L’édition 2024, avec le Maroc comme destination à l’honneur, se présente comme catalyseur de solutions, et s’inscrit, selon les responsables du salon, dans la prospective que dans la réflexion, les panels à la « Convention Afrique » de l’IFTM ont ainsi été l’occasion pour les délégations africaines de faire du partage d’expériences et de stratégies. S’articulant essentiellement autour du digital, de la durabilité et de l’inclusion, l’IFTM 2024, a été l’occasion pour le ministre guinéen de la Culture, du Tourisme et de l’Artisanat de Guinée, Moussa Moïse Sylla, d’inviter ses paires africains à miser sur le potentiel de la diaspora africaine.

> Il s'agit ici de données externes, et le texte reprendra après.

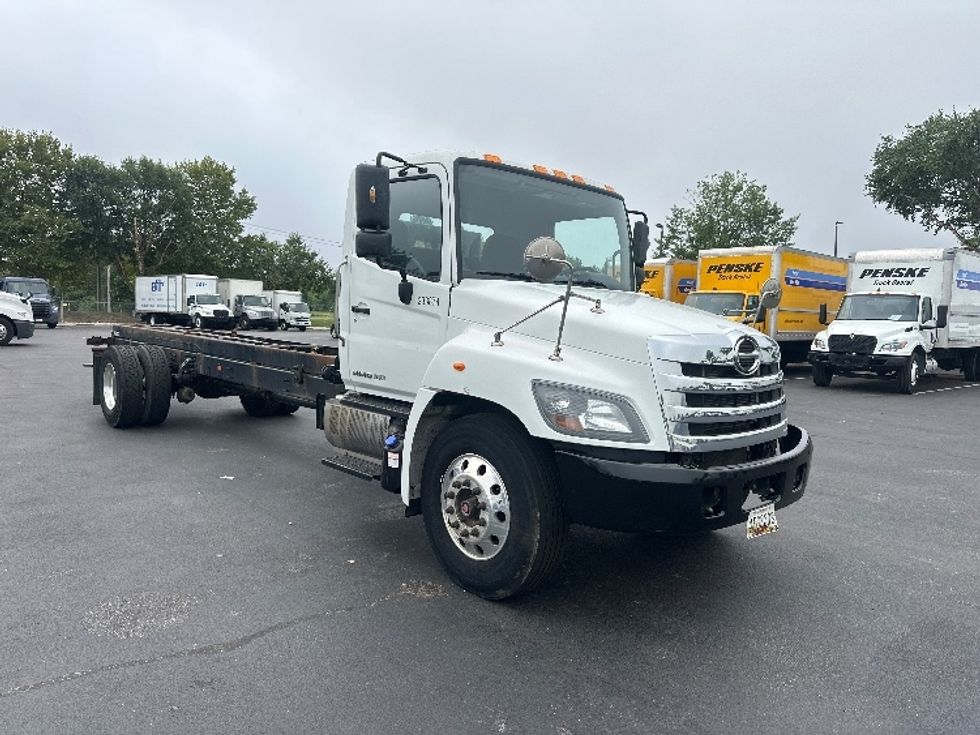 Cab and Chassis Truck-Light and Medium Duty Trucks-Hino-2019-268-New Castle-DE-220,000\n\t\tmiles-$ 31,250 - Image 1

La Guinée regorge de potentialités touristiques naturelles
Intervenant sur la thématique « Comment fédérer l’investissement privé pour le développement du tourisme africain ? », aux côtés de Dr. Elie Nkamgueu, président du Club Efficience; Pedro Novo, CEO de Dalia Hospitality, un fonds d’investissement qui vise le développement de projets dans le secteur de l’hôtellerie et du tourisme en Afrique; le ministre guinéen du tourisme a invité les acteurs africains à capitaliser sur le potentiel de la diaspora africaine à l’étranger qui représente une cf force financière importante.
Dans son intervention, Moussa Moïse Sylla a mis en lumière les nombreuses potentialités naturelles touristiques de la République de Guinée, insistant sur l’hospitalité de sa population ainsi que sur les deux principaux atouts du pays : son patrimoine naturel et culturel. Il a également évoqué les réformes entreprises par le président guinéen, le général Mamadi Doumbouya afin de créer un climat des affaires favorable à l’investissement et la mise en place de mesures incitatives visant à attirer de nouveaux capitaux.
« Fédérer les efforts de la diaspora africaine passe par un environnement propice à l’investissement, des mécanismes de soutien, ainsi qu’une mise en réseau efficace. En créant des passerelles concrètes entre les compétences, les ressources et les opportunités disponibles, les pays africains peuvent capitaliser sur l’envie de la diaspora de contribuer au développement du continent », soutient le ministre guinéen de la Culture, du Tourisme et de l’Artisanat.